### PROVIDED RECORDS
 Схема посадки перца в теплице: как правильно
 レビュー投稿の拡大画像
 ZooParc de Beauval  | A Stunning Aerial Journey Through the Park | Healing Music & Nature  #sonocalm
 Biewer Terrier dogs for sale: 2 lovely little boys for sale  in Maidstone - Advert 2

---

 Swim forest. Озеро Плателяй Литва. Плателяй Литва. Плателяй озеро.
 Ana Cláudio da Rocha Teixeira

--

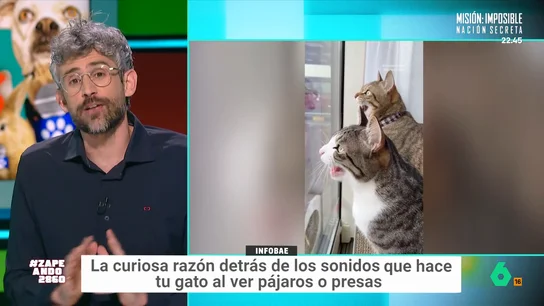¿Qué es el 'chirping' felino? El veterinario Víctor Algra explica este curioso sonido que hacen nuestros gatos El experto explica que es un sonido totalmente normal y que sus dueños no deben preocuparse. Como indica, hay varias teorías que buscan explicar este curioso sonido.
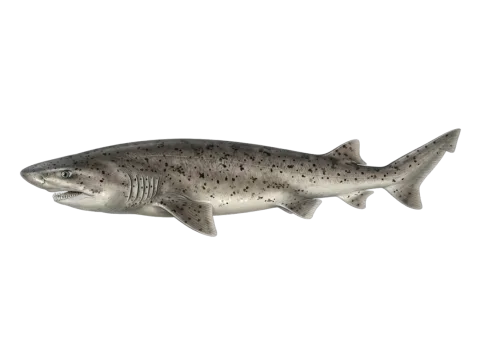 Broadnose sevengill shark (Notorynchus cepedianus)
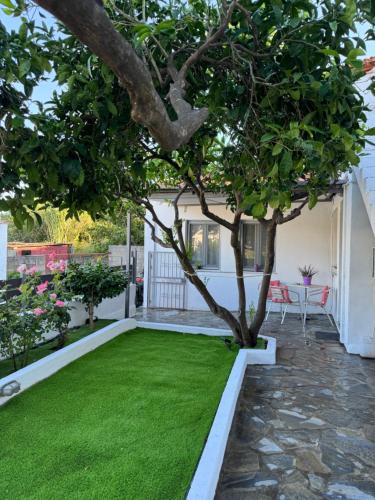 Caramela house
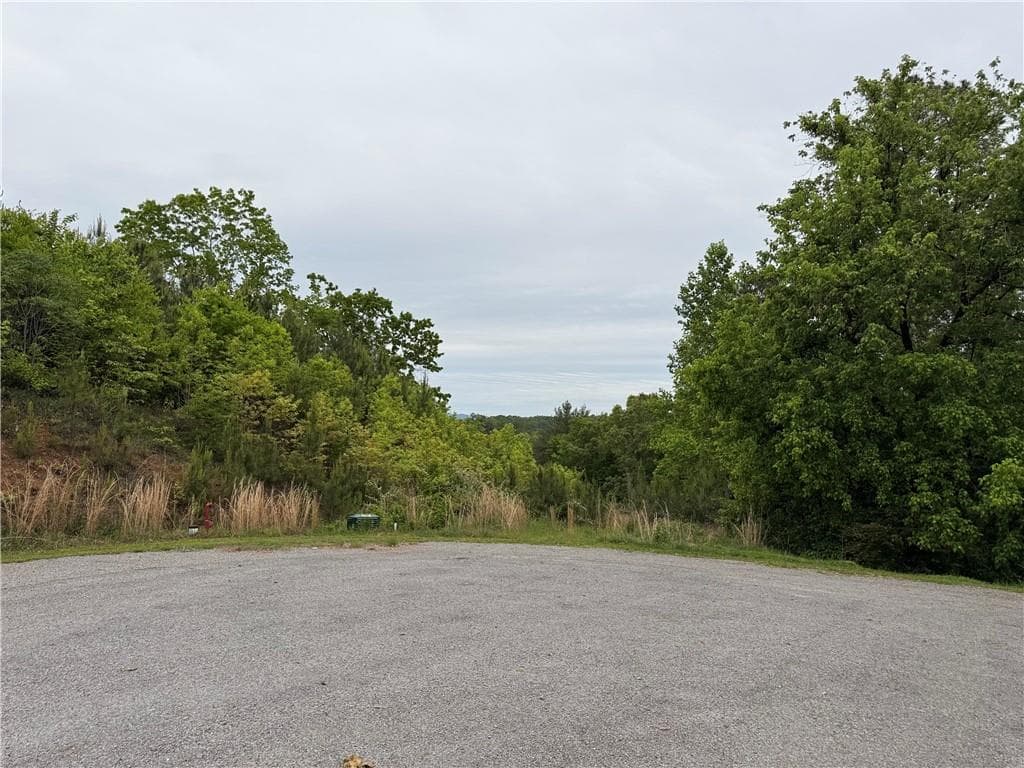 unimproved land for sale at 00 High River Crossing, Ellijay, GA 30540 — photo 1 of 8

### TASK DIRECTIONS
Everything above from the line that has "Caramela house" down to the line that has "unimproved land for" should be output exactly, with both of those lines included. Leave the pictures behind.

### SOLUTION TO THE PROBLEM
 Caramela house
 unimproved land for sale at 00 High River Crossing, Ellijay, GA 30540 — photo 1 of 8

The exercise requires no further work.